The problem the bot only actually scans these links when it's on an article. So if an article has 50 links going to example.org then all of them are scanned, and what ever is seen as dead afterwards, gets then appropriately updated on the page. The scanning and page crawling are not two separate processes.

Hmm... IABot does emulate a Chrome UA to avoid bot blocks, but maybe a level of transparency to explain the bot may be better.

This is the part of this thread that concerns me the most at this point. I wouldn't blame them for blocking any IP that seems to do this. Please don't impersonate a UA. There is nothing actionable written at this time but at some point I think we should have a policy that indicates this is worthy of a ban.

We have had a few reports for bitninja over time and usually they are poor effort, low quality, notices that they never followup on. T136829: 'German Wikipedia Broken Weblinks Bot' is ill-behaved and in danger of getting all of Labs blacklisted comes to mind. Bitninja is not the only external actor at play here so that doesn't tell the entire story though as https://phabricator.wikimedia.org/T185383#3914849 is possibly a problem. That brings to mind https://phabricator.wikimedia.org/T156074#2989810. Not mentioned there is to never impersonate a user a falsify a UA.

> We have had a few reports for bitninja over time and usually they are poor effort, low quality,

notices that they never followup on.

Note that just today I finally got a response from bitninja acknowledging my pleading and promising to whitelist our IP range. So although iabot's behavior remains in need of fixing, bitninja should stop obsessing about it.

They aren't the only people flagging such behavior, of course.

So the easiest and quickest solution is to simply make the UA more transparent, which is an easy fix.

So the easiest and quickest solution is to simply make the UA more transparent, which is an easy fix.

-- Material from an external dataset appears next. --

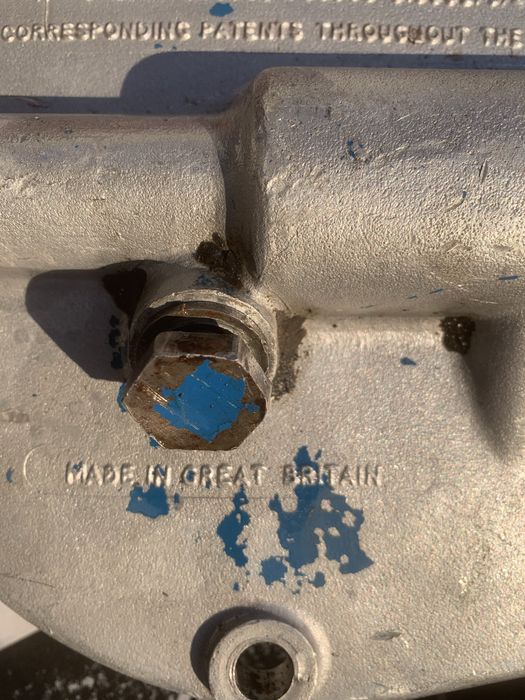 Vând pompa hidraulica ,pentru tractor ford 5000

Yeah, I'd recommend including the full name (InternetArchiveBot), the relation to Wikipedia (so that they won't think it's on behalf of archive.org itself), and a URL for more information and contact, e.g. to https://meta.wikimedia.org/wiki/InternetArchiveBot.

The first part to addressing this is now complete. A pull request is open to allow for custom UAs to be passed to the algorithm. It also has a queuing mechanism to queue up links going to the same domain to be tested in sequence with 1 second delays.

Part 2 will be implemented in v1.6.3 of IABot.

The UA will point to https://meta.wikimedia.org/wiki/InternetArchiveBot/FAQ_for_sysadmins

though, I think we should have a better method of contacting me than using a talk page since most of them will likely not know how to use one. I'm thinking maybe a dedicated OTRS queue.